- [WORK INSTRUCTION] Copy word for word the lines of the records below, beginning at the one with "T0051403599 Étagère L" and finishing at the one with "Часы geozon отзывы.", ends included, but none of the pictures.

- [INFORMATION GIVEN]
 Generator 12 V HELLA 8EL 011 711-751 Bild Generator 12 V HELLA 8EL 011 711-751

* * *

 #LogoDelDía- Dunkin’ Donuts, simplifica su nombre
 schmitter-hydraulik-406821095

...

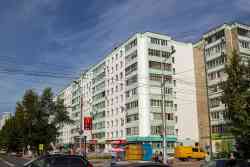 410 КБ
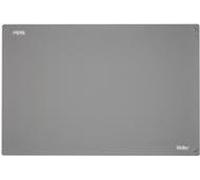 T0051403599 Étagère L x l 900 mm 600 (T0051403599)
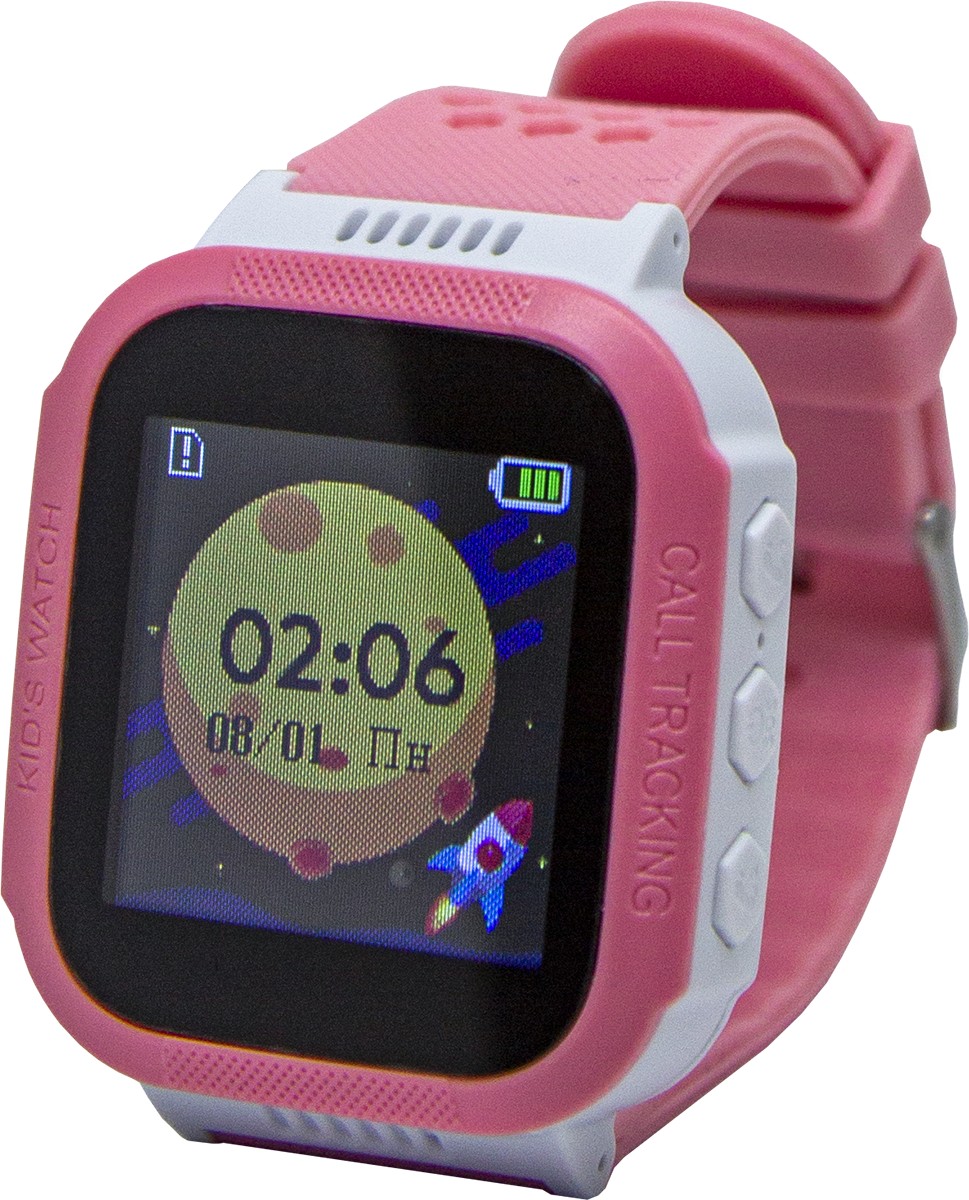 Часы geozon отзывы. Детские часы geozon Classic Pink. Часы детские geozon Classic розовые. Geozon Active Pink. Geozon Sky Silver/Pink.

- [SOLVED EXERCISE]
 T0051403599 Étagère L x l 900 mm 600 (T0051403599)
 Часы geozon отзывы. Детские часы geozon Classic Pink. Часы детские geozon Classic розовые. Geozon Active Pink. Geozon Sky Silver/Pink.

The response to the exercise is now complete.